Now the next step was to overlay the interpolated results to the map of that region. which I did this way:

import geopandas as gpd
from mpl_toolkits.axes_grid1 import make_axes_locatable

import geopandas as gpd
import matplotlib.pyplot as plt

# Read shapefile data of Babati
shapefile_path = "Babati Villages/Babati_villages.shp"  # Replace with the actual path to the shapefile
gdf_babati = gpd.read_file(shapefile_path)

gdf_bti= gdf_babati[gdf_babati["District_N"] == "Babati"]
gdf_bti.head()

# Define the grid points for interpolation
grid_points = np.vstack((grid_lon.flatten(), grid_lat.flatten())).T

# Perform IDW interpolation
interpolated_values = griddata(points, values, grid_points, method='linear')

# Reshape the interpolated values to match the grid shape
interpolated_values = interpolated_values.reshape(grid_lon.shape)

from shapely.geometry import box
# Create a bounding box geometry of the Babati region
bbox = box(gdf_bti.total_bounds[0], gdf_bti.total_bounds[1],
           gdf_bti.total_bounds[2], gdf_bti.total_bounds[3])

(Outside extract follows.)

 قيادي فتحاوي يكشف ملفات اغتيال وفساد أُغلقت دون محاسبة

# Clip the interpolated predictions to the extent of the Babati region
interpolated_predictions = gpd.clip(interpolated_predictions, bbox)

# Create subplots
fig, ax = plt.subplots(figsize=(10, 10))

# Plot the shapefile of the Babati region
gdf_bti.plot(ax=ax, facecolor='none', edgecolor='black')

# Plot the interpolated predictions
interpolated_predictions.plot(ax=ax, column='prediction', cmap='viridis', markersize=30, legend=True)

# Add colorbar
divider = make_axes_locatable(ax)
cax = divider.append_axes("right", size="5%", pad=0.1)
interpolated_predictions.plot(ax=cax, column='prediction', cmap='viridis', legend=True, cax=cax)

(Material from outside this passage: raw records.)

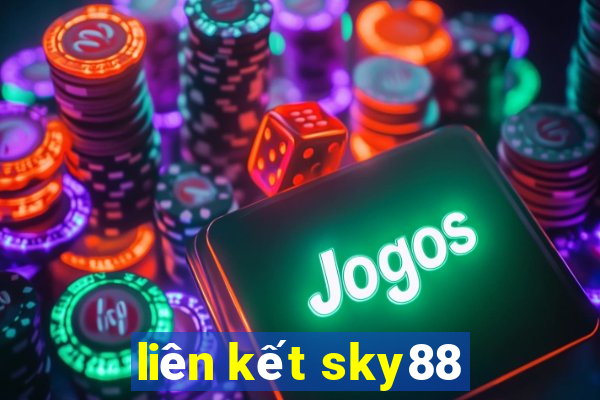 liên kết sky88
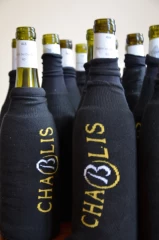 27 vins couronnés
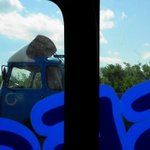 엄마랑 스카이다이빙 하고왔어요 ㅋㅋ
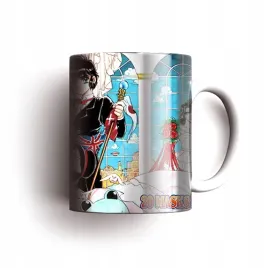 kubek-magiczny-man-of-many-faces-clamp-do-wyboru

# Set plot title and labels
ax.set_title('Interpolated Predictions in Babati Region')
ax.set_xlabel('Longitude')
ax.set_ylabel('Latitude')

# Show the plot
plt.show()

Here is now where the problem is because the overlay of interpolated values is totally off. I expect it to cover all interpolated villages but its not. this is what I get:

What am I doing wrong and any idea on how to fix this?

Answer 1

Disclaimer: Being no expert in geography myself but only used to drawing maps in Python, the following might include some (hopefully!) minor mistakes I'd be glad to correct.

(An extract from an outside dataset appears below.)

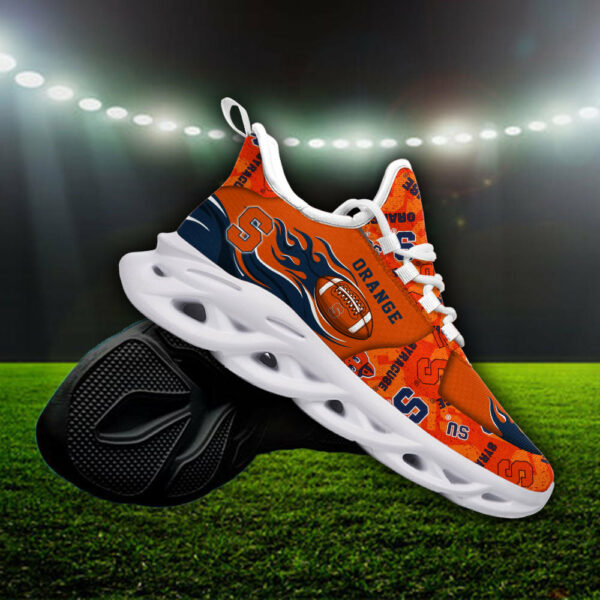 ideafootwear syracuse orange ncaa max soul shoes sneakers for men and women 3271 b9sxl.jpg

I highly suspect your problem comes from not managing CRS.

Indeed, the coordinates in your original dataset are expressed in terms of longitude and latitude, meaning the CRS here is a geographic coordinate system. In short, Earth is being approximated by a sphere or an ellipsoid and the coordinates give a position on its surface.

Your shapefile, however, is defined in a projected coordinate system, so the position of each point is expressed with an (x, y) tuple in a two-dimensional plane. As implied by its name, this type of CRS defines the process of mapping every point on the surface of a sphere/ellipsoid to a plane (e.g. the projection), and geographers came up with plenty of ways to do just that across history.

How are you supposed to deal with CRS?

You must first find out in which CRS both your dataset and your shapefile are expressed. It is very often expressed as an EPSG code, and you should find this information where you found your dataset/shapefile. It might also already be included in the file you used, in which case it might already be present in your GeoDataFrame and you can find it using:

>>> gdf.crs
<Geographic 2D CRS: EPSG:4326>
Name: WGS 84
Axis Info [ellipsoidal]:
- Lat[north]: Geodetic latitude (degree)
- Lon[east]: Geodetic longitude (degree)
Area of Use:
- name: World.
- bounds: (-180.0, -90.0, 180.0, 90.0)
Datum: World Geodetic System 1984 ensemble
- Ellipsoid: WGS 84
- Prime Meridian: Greenwich

If it's not already there, you need to set it:

# set it in place...
gdf.set_crs(my_crs, inplace=True)

# ... or not
gdf = gdf.set_crs(my_crs)

Once the CRS is properly defined, you only need to decide in which target CRS you want to draw your map, and change the CRS of both your dataset and your shapefile to this target CRS. Luckily, geopandas knows how to do that:

# set it in place...
gdf.to_crs(target_crs, inplace=True)

# ... or not
gdf = gdf.to_crs(target_crs)

Now that both your dataset and your shapefile share the same CRS, your plot should be fine!

Last note: There is a reasonable chance that your dataset is using EPSG:4326 and your shapefile is using EPSG:3857.